Giler voluntarily withdrew his membership in the Sheet Metal Workers Union in September, 1965, to become self-employed. On that date he had accumulated 17 years in pension credits. In December, 1966, when Giler reached the age of 50, he applied to the trustees of the pension plan for the vesting of his pension rights. The trustees rejected the request because the plan required 20 years of pension credits to vest a pension at that age.
In 1971, the pension plan was amended to permit pension rights to a member with 15 years of service when he attained the age of 55. In December, 1971, when plaintiff reached 55, he applied for pension benefits. His request was denied because there was a break in service of more than two years.
The pension plan provided that an employee’s previously accumulated pension credits would be cancelled if he failed to earn one quarter of pension credit in two consecutive calendar years. Plaintiff asserts that this rule violates 29 U.S.C. § 186(c)(5).
The trustees of a pension plan established under 29 U.S.C. § 186(c)(5) have broad discretion in setting eligibility rules. A court should interfere only when the rule is unreasonable or its enforcement arbitrary. Roark v. Lewis, 130 U.S.App.D.C. 360, 401 F.2d 425 (1968), adhered to sub nom. Roark v. Boyle, 141 U.S.App.D.C. 390, 439 F.2d, 497 (1970).
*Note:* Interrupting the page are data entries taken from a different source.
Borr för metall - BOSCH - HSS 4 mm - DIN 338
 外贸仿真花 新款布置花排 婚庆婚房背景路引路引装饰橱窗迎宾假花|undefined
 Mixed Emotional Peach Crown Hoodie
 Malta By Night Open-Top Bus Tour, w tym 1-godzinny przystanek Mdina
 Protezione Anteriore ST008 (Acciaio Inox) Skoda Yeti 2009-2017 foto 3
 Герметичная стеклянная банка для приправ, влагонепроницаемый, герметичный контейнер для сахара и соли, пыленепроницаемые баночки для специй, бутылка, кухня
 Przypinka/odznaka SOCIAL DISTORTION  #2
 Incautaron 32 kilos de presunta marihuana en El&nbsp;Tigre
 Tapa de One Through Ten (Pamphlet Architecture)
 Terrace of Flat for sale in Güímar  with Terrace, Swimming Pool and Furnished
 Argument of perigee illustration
In Lee v. Nesbitt, 453 F.2d 1309 (9th Cir. 1972), the case upon which appellant relies, the employee had completed the minimum number of years of work credit in covered employment before he had a break in employment. And the break was involuntary; there was no work available for him.
Here Giler voluntarily left covered employment. He did not show that the trustees arbitrarily or capriciously enforced the rule. The break-in-service rule is reasonable as applied to him.1
Affirmed.
. The Employee Retirement Income Security Act of 1974 was enacted on September 2, 1974, Pub.L.No. 93-406, 88 Stat. 829. Under the Act all plans must provide for the immediate vesting of rights to benefits derived from employee contributions and 100 per cent vesting of all rights after 15 years of service.
In addition, the “break-in-service” provisions under the Act are restrictive. If the 1974 Act had been in effect during the period of Giler’s employment, he would have been entitled to prevail in this case.